Don’t mess with Bob Saginowski. Or his dog.
How Bob comes to care for a beaten-up pup is the happy part of “The Drop” a slow-burning crime drama in which a working class bar doubles as a money drop location for a Russian crime syndicate.
Bob’s the bartender. He’s a quiet guy and forever present. Tom Hardy plays him with a deep, perpetual stare – intelligent, thoughtful and observant. As a hard-working reliable sort he guards the dirty money that gets dropped at the bar from time to time.
James Gandolfini, in his final film performance, plays Bob’s cousin Marv, the bar’s former owner and gang leader who lost the business in a turf war with the Russians. Nearly nine years later Marv’s name is still on the bar, he’s still on the payroll but holding a heavy grudge. He’s equally angered and intimidated by his foreign bosses, forever cranky and conniving, constantly lamenting his downfall while keeping close tabs on Bob.
For Bob, life is pouring shots, slinging beers and keeping things tidy. Circumstances change somewhat when he rescues a whining, bloodied pup from a trash can. The dog appeals to Bob’s sensitive side and, by virtue of being found in her garbage pail, introduces Bob to the lovely Nadia (Noomi Rapace).
Nadia has criminal connections of her own by way of her ex-boyfriend Eric Deeds (Matthias Schoenaerts), a crazed petty thief who bumps his street cred by claiming to have murdered a kid who disappeared a decade earlier. Eric is the dog’s rightful owner and the one who beat and left it for dead. Bob learns of the connection when Eric stalks and blackmails him. Either Bob pays up or the dog gets it, again.
While the blackmail scheme plays out, dumbass thieves who robbed the bar have ambitious plans to return on a night that money gets dropped. There is a strange undercurrent to it all, and Bob can sense it. He’s use to the local riff-raff acting out their petty grievances, but based on past experience he’s worried that cousin Marv may be up to something. Something that Bob can’t clean up.
Crime novelist Dennis Lehane has a talent for writing gritty stories that when adapted to film give good actors great moments on the big screen. With “The Drop” he, for the first time in his career, has written the film adaptation of his own published material. What initially failed as a novel, became a short story entitled “Animal Rescue” from which Lehane wrote “The Drop” screenplay and subsequent movie tie-in book.
Lehane claims to have written “The Drop” with James Gandolfini in mind. It shows. Gandolfini embodies a full dimensional character, lovingly shaped by a writer who understands what happens to people when they lose their identity.

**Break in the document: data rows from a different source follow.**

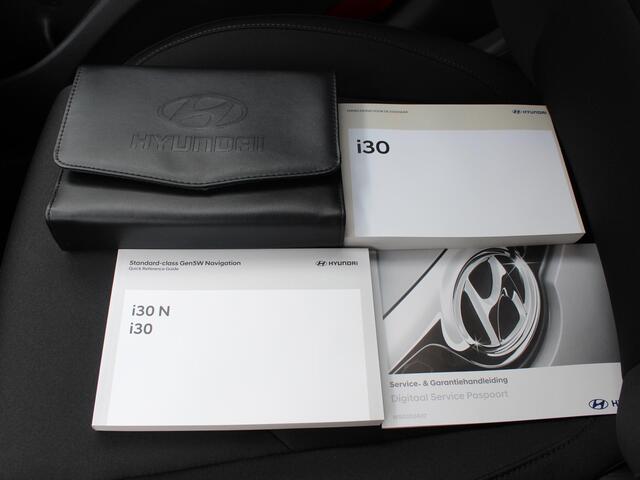 Hyundai I 30 Wagon 1.0 T-GDi MHEV Comfort / Navigatie + Android Auto/Apple Carplay / DAB / Climate Control / Cruise Control / Achteruitrijcamera /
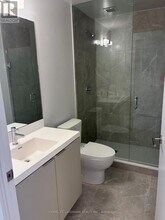 5858 Yonge St in Toronto, ON - Building Photo - Building Photo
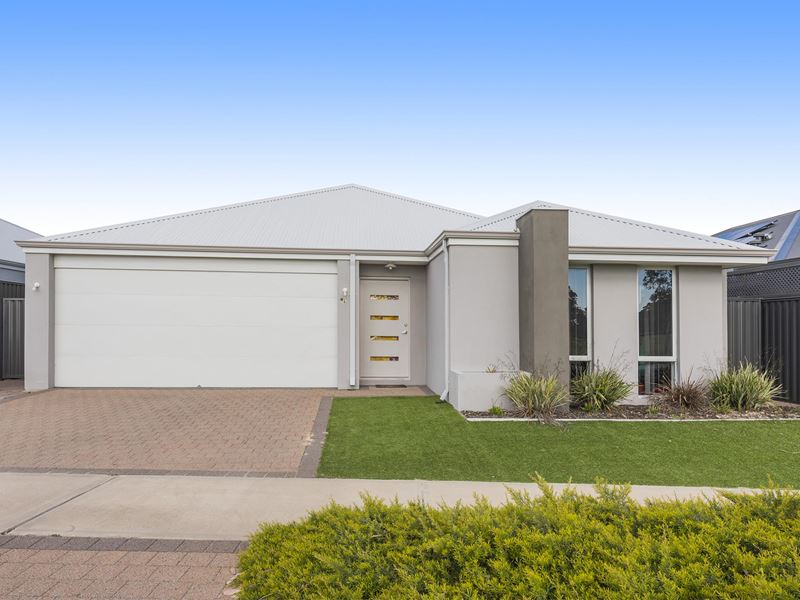 14 Carenza Link, Aveley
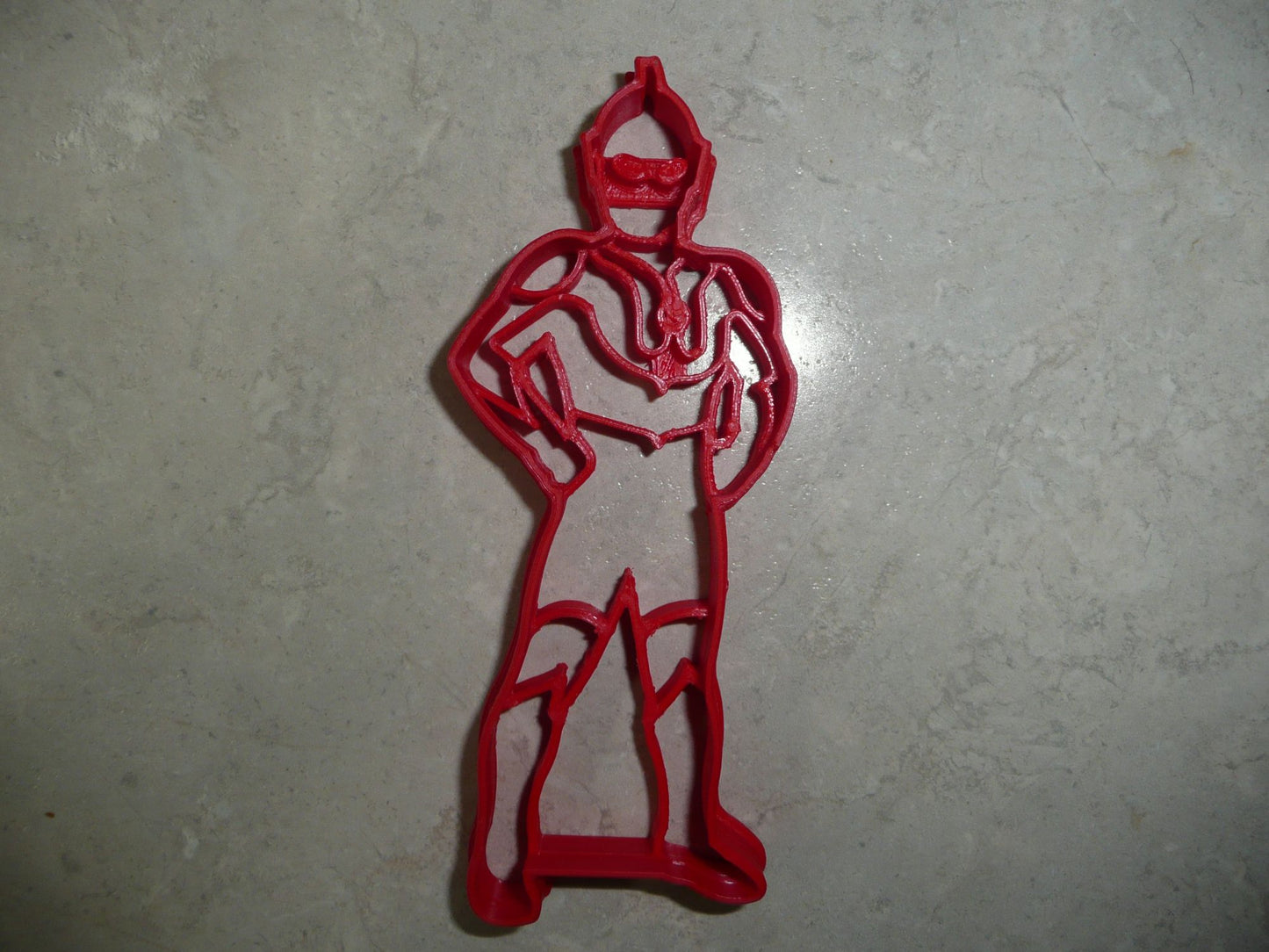 6x Ultraman Full Body Alien Fondant Cutter Cupcake Topper 1.75 IN USA FD4246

Gandolfini’s scenes with Hardy are the best of the film. They arrive as a delicious, chewy core to an otherwise crusty outer story. While Hardy play Bob at the moral center, Gandolfini’s Marv is a reluctant has-been, a tough, sad character who has only memories of the glory days and a good shot of whiskey to grace his day. Together they are like another Hardy screen duo – Laurel and Hardy. No comedy, just determined talk about survival. Their dialogue is the only key to what eventually happens at the bar. Cleverly written, their conversations don’t lay specific clues, just build the suspense for an edge-of-your-seat reckoning.
Like so many of Lehane’s stories, “The Drop” is a testament to people at the bottom of the pay scale, hard-working and persistent despite being beaten down by folly, hard luck, and violence. Stuff happens. When it does, guys like Bob are there to clean up the mess, get the girl, and take care of the dog.
Directed by Michael R. Roskam. Written by Dennis Lehane, based on his short story “Animal Rescue.” Released by Fox Searchlight Pictures. Running time: 1 hour 46 minutes.
Cast: Tom Hardy (Bob), Noomi Rapace (Nadia), James Gandolfini (Cousin Marv), Matthias Schoenaerts (Eric Deeds), John Ortiz (Detective Torres), Michael Aronov (Chovka), James Frecheville (Fitz).